Back when society was far more unkind to women, women had far more influence in tech than they do now. Now that there are legal protections, women have been enticed by recruiters into other sciences (there's a lot more women studying Chemistry than CompSci). The problem today isn't with some perceived gender barrier, or a glass ceiling. The problem is that male programmers haven't had any inclination to walk up to women that they know, show them what they do, how creative programming and system architecture can be, and that it's potentially lucrative and exciting.
STEM conferences only do so much, and nobody gives a rat's ass what celebs and pandering politicians have to say. It's really the folks who actually code day-in day-out who could help get more women back into a field they used to be in with far more gusto.

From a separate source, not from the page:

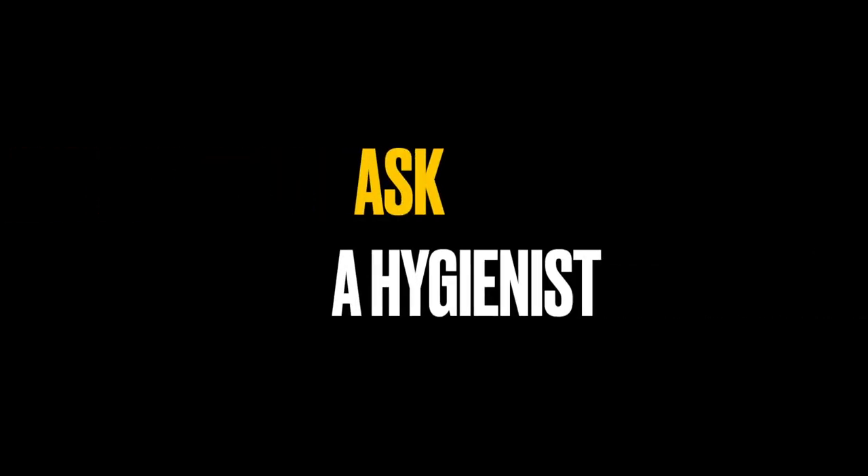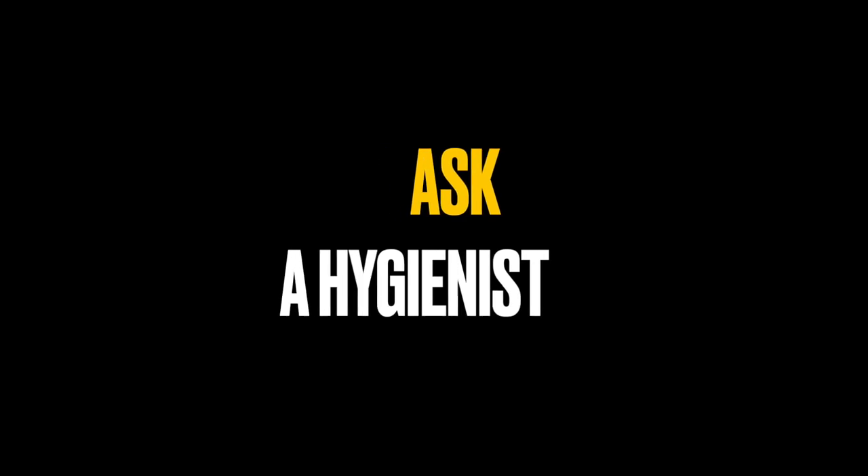This is the Apex Electric Toothbrush made by Fozu, and it has a feature in it that I've never seen before in an electric toothbrush. Hey guys, if you're new here, I'm Christina the hygienist, here today with another dental product review. Today's product, as I just mentioned, is the Apex Electric Toothbrush.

No he isn't, because if you think a group so fucking hate filled that you can play Stormfront or SJW and have a seriously hard time telling an SJW post from the Neo-Nazi thinks they are "doing good" instead of just picking a group to hate? Well then I have a bridge you might be interested in. I used to think the stereotype of SJWs being self hating beta CIS males was likewise bullshit until we had article after article like this one where a white male liberal professor calls for the extermination of all white males. BTW notice how he doesn't say white females, that is because to bigoted fucks like him white females are to be given as prizes to black males for "historical oppression". He even says "At least a white woman can have sex with a black man and make a brown baby but what can a white male do? He's good for nothing. " So...yeah, sometimes stereotypes are true and SJWs being whipped, self hating, prideless, spineless little bigots as pointed out by many gamergate supporters? Kinda on the nose.
As for TFA? No wonder this company didn't survive, not when the women were writing ads like "Altair and Imsai mothers deserve beautiful 8K babies" and picking caps based on whether or not they would clash with the board...DaFuq? Its a 1970s chipboard going in a big fugly white box, why not tell me what its gonna do for my system instead of me thinking about babies for no damned reason, and why would I give a wet fart about whether the caps clash or not when its going in a big fugly box with no windows? From the sounds of it they were trying for a "form over function" a good 25 years before PCs would have glass sides so anybody would care about that shit. Hell look at their "PC" design, green or orange with a fricking racing stripe and only a power and reset at a time when nearly everything was done with dip switches....why would somebody in the late 70s want to severely limit their inputs (and from the looks of the prices pay a good 20%+ extra) just to get a system with a racing stripe and color coordinated motherboards? Remember at the time the PC buyers were tinkerers with soldering irons, personal computers weren't even in your average office at that time.
If I took anything away from TFA its not that IBM killed 'em, it was that they were trying to be hipster a good 30 years before that was a thing and without Steve Jobs ability to get people pumped about buying extremely limited systems compared to the competition. And before any Apple fans breakout the pitchforks? Woz has written several times about how many times he was frustrated over hardware design choices being made NOT for what would be the best choice for the user but by Jobs pursuit of style, the most memorable was the Apple you had to drop on the table to reseat the chips because Jobs didn't like fans. of course Jobs had his incredible salesmanship to keep him going until tech caught up with his taste in design, this bunch had "8K babies"...groan.
ACs don't waste your time replying, your posts are never seen by me.